Elle décida alors de se balader pour se changer les idées. Elle sortit du chemin pour passer entre les arbres pour ne pas avoir de destination. Juste marcher.

Néanmoins, elle finit par arriver dans la cour qui n'était pas déserte. Sur un banc, Randy était assis au dessus du dossier, les pieds là où il aurait du poser les fesses, les coudes sur les cuisses et le regard rivés sur le sol. Nanoki décida de le rejoindre. Ce n’était pas si mal de tomber sur quelqu’un, cela l’évitait d’être seule.

Randy leva la tête vers elle quand elle ouvrit le portail.

— Qu’est-ce que tu fais là ?

— Cauchemars, répondit-elle en prenant place à ses côtés.

Il imita son activités — fixer le sol — et aucun des deux ne parla de longues minutes.

— Tu sais, te parler ça m’as beaucoup aidé. Je me suis rendu compte à quel point ça faisait du bien et à quel point j’en avais besoin. Je sais toujours pas pourquoi t’as fait ça, mais je voulais encore te remercier. Maintenant, j’ai envie d’apprendre à connaître le vrai moi. C’est plutôt marrant dis comme ça.

— Je ne sais pas si c’est parce que je suis au courant, mais j’ai l’impression que ta façon d’agir est différente. Déjà tu parlais pas beaucoup sans dire d’insulte ou faire savoir que quelque chose t’énervais.

— Ouais bon, c’est pas non plus comme si on allait tous faire ami-ami. Je t’ai dis, j’suis plus naïf, je sais bien que même si j’adore parler aux autres, c’est pas l’endroit où faire ça.

A nouveau, le silence régna. Nanoki aurait voulut dire plein de chose, mais ils restaient coincé dans sa gorge.

— Hey… vu que t’as été honnête avec moi, tu veux que je fasse pareil ?

— Comment ça ? T’as des choses à cacher ?

— Tu sais pourquoi je t’ai écouté hier ? Pourquoi je suis venue te voir au lieu d’aller dans ma chambre ?

Il se redressa, l’incitant à continuer du regard.

— Je pense qu’on est tous pareil, mais je me vois comme la protagoniste d’une histoire et vous, vous êtes les personnages secondaires, les gens que je croise dans la rue sont juste des figurants pour créer un décor… Du coup, comme je vois au centre de tout, j’ai l’impression que c’est un peu ma quête de trouver des réponses, que c’est mon devoir, et qu’en tant que protagoniste, je n’ai pas d’autres choix. J’ai remarqué à quel point t’étais affecté par le mort de Célia, et j’ai voulus savoir pourquoi. Mais il y a une deuxième raison. Je déteste être dans ma chambre. Être seule avec moi même où je ne peux que repenser à ce qui s’est passé et me dire que ce serait mieux de me tuer pour en finir au plus vite.
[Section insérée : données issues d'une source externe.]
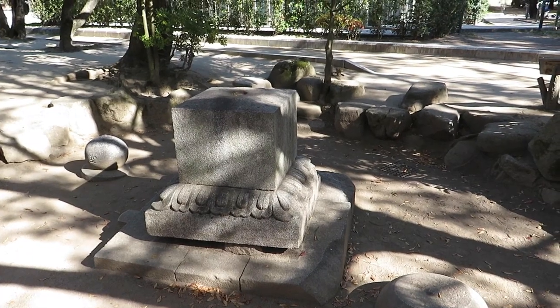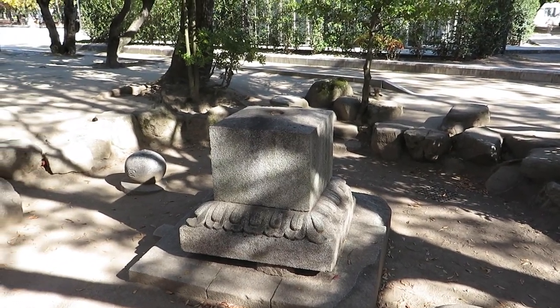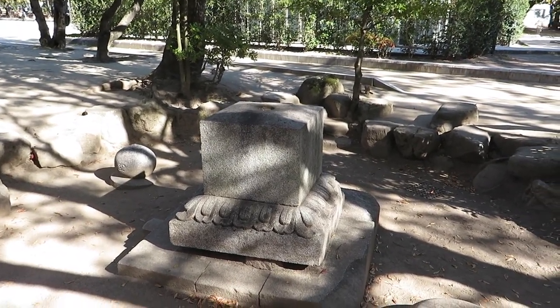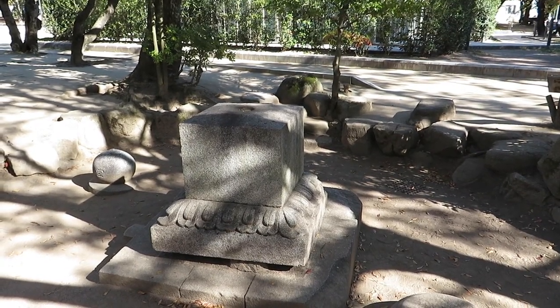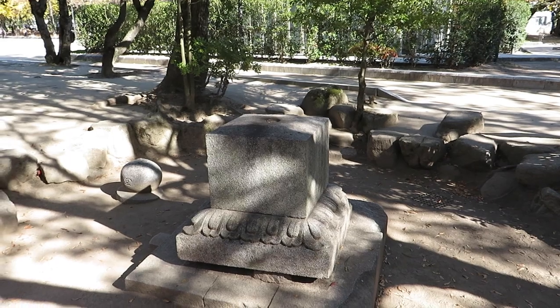This rock right here was a gravestone that had actually been here since the 1600s, and it was toppled over during the atomic blast, which is why only the lower part remains now.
Elle retint une grimace à sa dernière phrase. Elle avait été un peu trop honnête.

— Je vois… merci de m’avoir dit la vérité…

— Est-ce que tu vas me détester pour ça ?

— Non. TU sais, c’est un peu pareil pour moi. Les deux trucs que t’as dit. Enfin, sauf le côté où j’ai l’impression que c’est un devoir. Et puis, qu’importe le pourquoi t’as fait ça, tu comptes pas aller raconter ça à tout le monde et te foutre de ma gueule. T’as l’air d’être le type de personne qui respecte les secrets des autres. Je veux dire, malgré ta curiosité, t’as déchiré ton mobile.

C’était pas vraiment par respect envers Daphné….

— Pour moi, ce qui m’importe c’est d’avoir pu parler à quelqu’un sur qui je peux faire confiance sur le sujet. Et puis, t’as quand même répondu à la question bizarre que je t’ai posée.

— Tu me fais confiance ? T’avais pas dis que tu n’étais plus naïf ?

— Quoi ? T’es en train de me dire que t’es pas une personne de confiance ? J’ai du mal à croire les personnes qui le disent ouvertement.

— Dans un situation comme celle-là. Moi même je ne sais pas si je peux me faire confiance.